Ailleurs, même lassitude, même écran de fumée. En Espagne, la scène politique s’embourbe jusqu’au vaudeville judiciaire autour de l’entourage du Premier ministre — et l’on meuble l’entre-deux par une surenchère symbolique « pro-Palestine », plus sonore que structurante. C’est efficace : ça occupe l’espace, ça flatte les tribunes, et ça évite le difficile : réformer.

Le tout sur fond de gestes diplomatiques qui posent plus qu’ils ne règlent : l’Espagne, l’Irlande et la Norvège reconnaissent un « État palestinien » sans État — ni frontières effectives, ni unité politique, ni désarmement des factions. La politique comme selfie : on se prend en photo du bon côté de l’Histoire, on laisse les complexités aux autres.

Résultat prévisible : les actes antisémites flambent. À force de faire d’Israël un punching-ball rituel, on libère dans la rue une parole et des gestes qui n’attendaient qu’un prétexte. Et, pendant qu’on s’invente des frissons moraux, on s’habitue à l’indignité : des stands israéliens qu’on cache, des artistes qu’on déprogramme, des étudiants juifs qui rasent les murs, des mezouzot qu’on dévisse par prudence. À l’écran, c’est du « courage » ; dans la vie, c’est du renoncement.

Que faire, alors — à part ruminer ?

Trois antidotes, concrets, à portée immédiate :

1. Débrancher le « show » : exiger des rédactions de vrais plateaux contradictoires, des invités qui ne pensent pas pareil, des débats avec faits sourcés et droit de réplique — pas ce théâtre de connivence où l’on s’auto-applaudit en boucle.

2. Armer le public : écoles, familles, associations — produire des kits de lecture critique des médias sur le conflit (repérer une image sortie de son contexte, distinguer opinion et information, lire un rapport plutôt qu’un thread). Moins sexy qu’un hashtag, infiniment plus utile.

3. Refuser la liturgie du bouc émissaire : pointer, chaque fois, le raccourci qui fait d’Israël la cause de tout. Demander : « Et vos chiffres ? Et votre plan ? Et votre cohérence ? » La haine aime les slogans ; elle déteste les questions.

L’opium finit toujours par un réveil. Et il est rugueux. L’Europe ferait mieux de traiter ses douleurs réelles que de s’enivrer de sa vertu télévisée. La haine du Juif n’a jamais soigné un déficit, réindustrialisé une région, pacifié une banlieue ni protégé une frontière. C’est une drogue dure : elle offre l’ivresse du soir et la honte du matin.

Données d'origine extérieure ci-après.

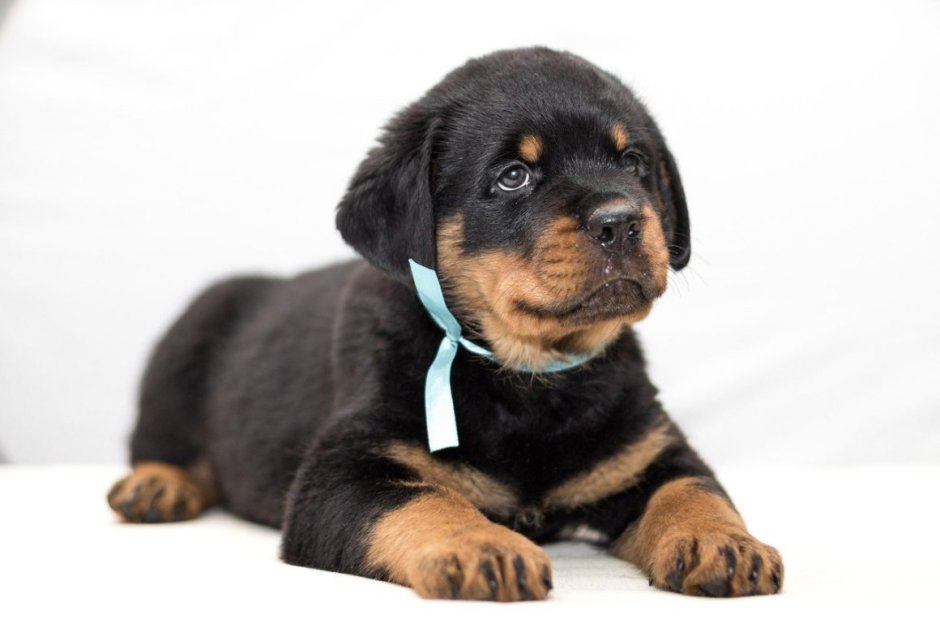 Бельгийский ротвейлер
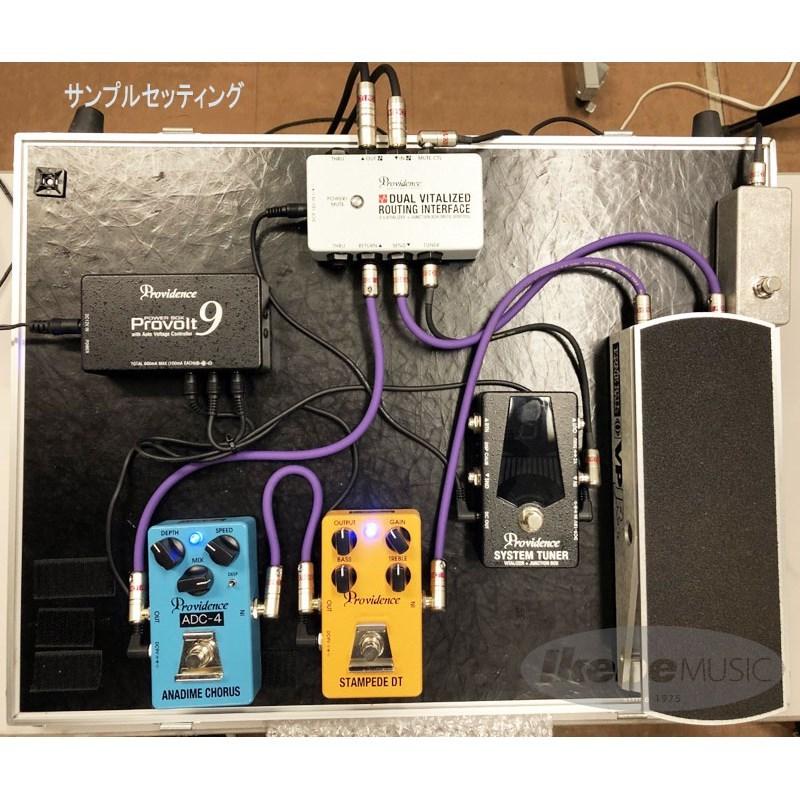 Providence DVI-1M [DUAL VITALIZED ROUTING] : イケベ楽器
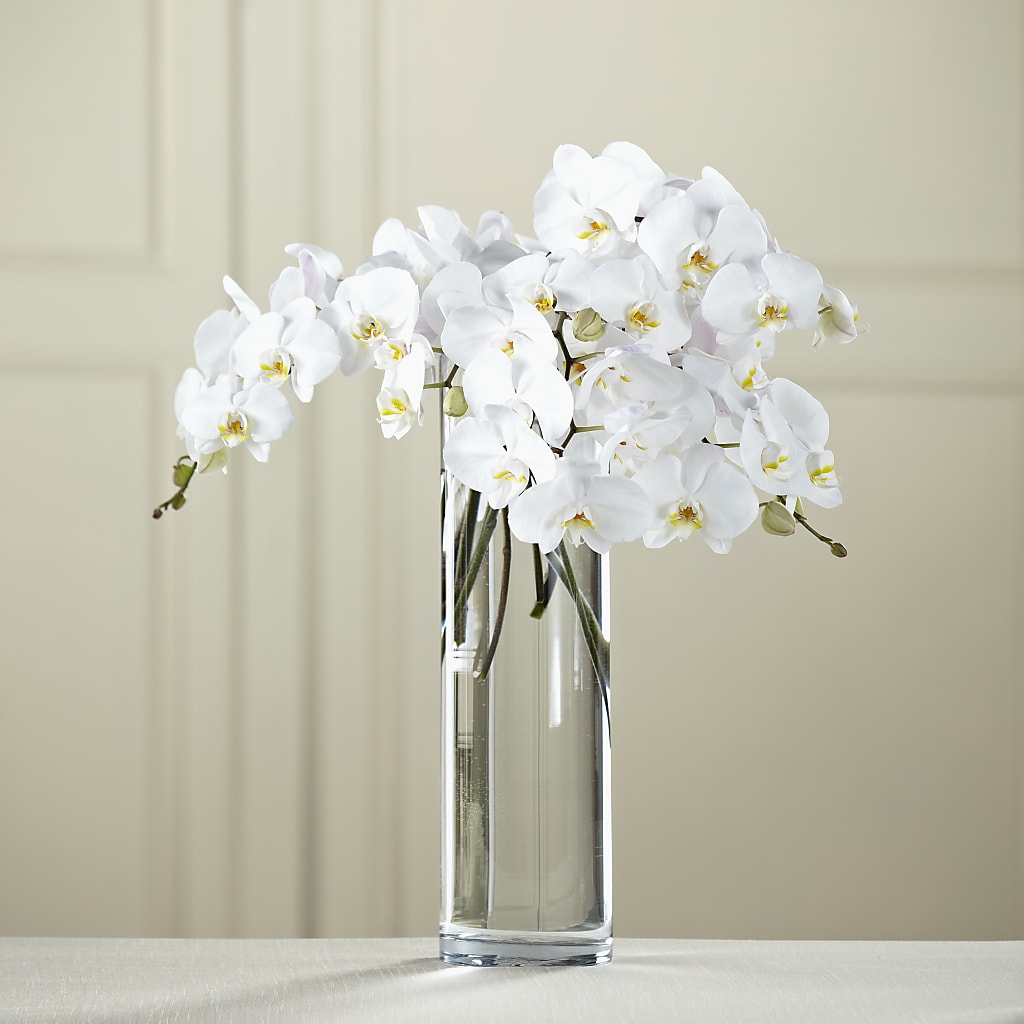 White Phalaenopsis Bouquet –  Beantown Florist, Everett MA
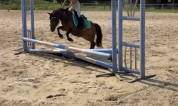 Ponette B wpb isabelle sooty de 8 ans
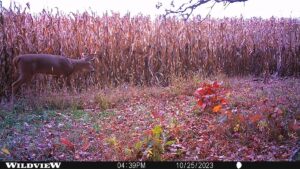 Property photo for land for sale in Waushara County Wisconsin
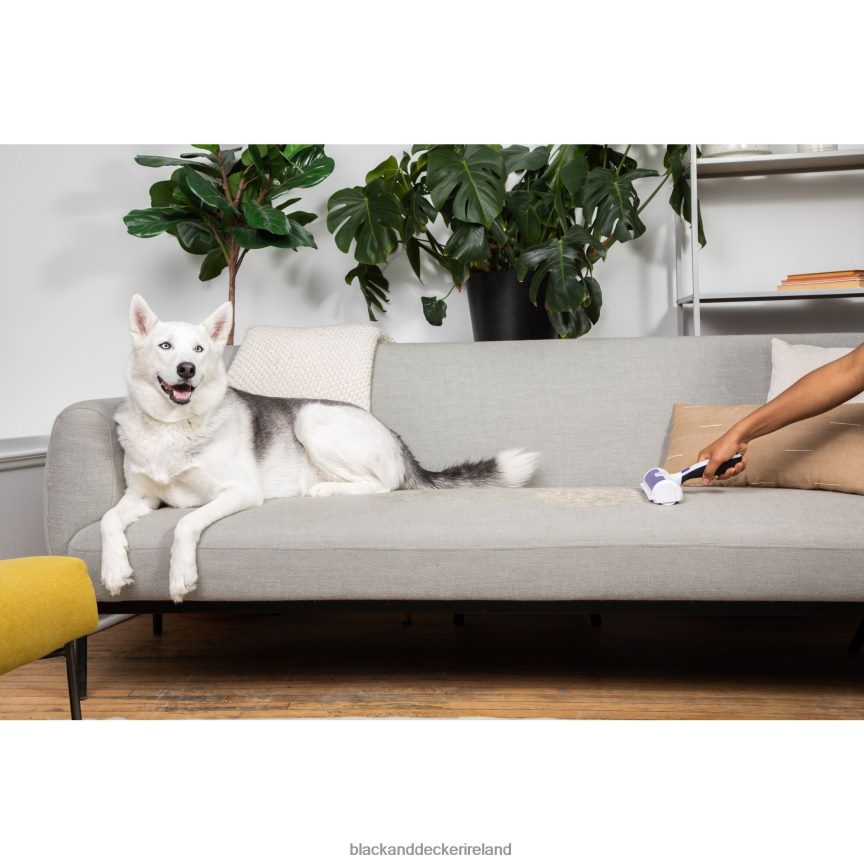 BLACK+DECKER Pet Hair Remover 2TNNR2224 Home & Lifestyle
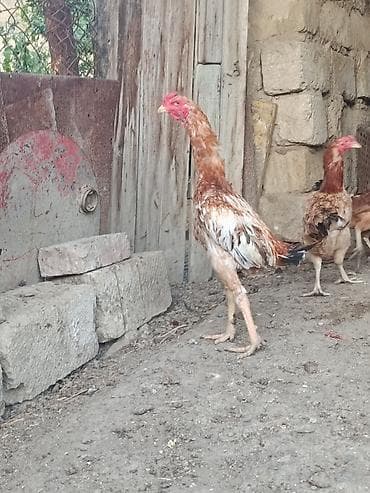 kreditle it satisi: Toyuq cücələri, Damazlıq — 6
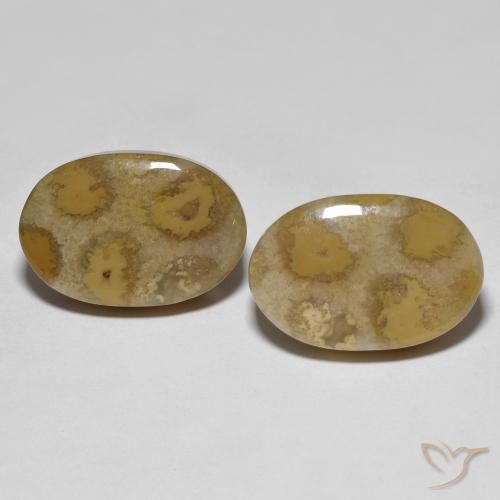 21.52ctw Natural Multicolor Coral fósil, Ovalada, Opaco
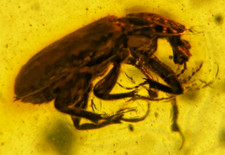 A101 BU1921 Unusual Beetle in large 25g Burmese Amber Burmite 99mya picture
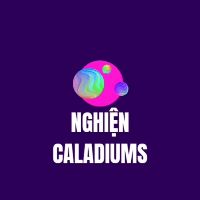 Buy caladium Products At Sale Prices Online - October 2026 | Shopee ...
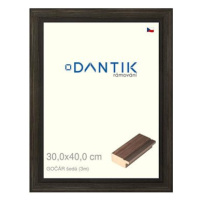 DANTIK rámeček 30 × 40, Gočýr šedý plexi čiré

Alors oui, « l’année prochaine à Jérusalem » restera un vœu pour certains, un projet pour d’autres. Mais dès cette année, cessons d’accepter qu’on gouverne nos peurs par spectacle interposé. Si l’Europe veut rester elle-même, qu’elle résiste à la facilité du bouc émissaire — et qu’elle retrouve le courage du réel.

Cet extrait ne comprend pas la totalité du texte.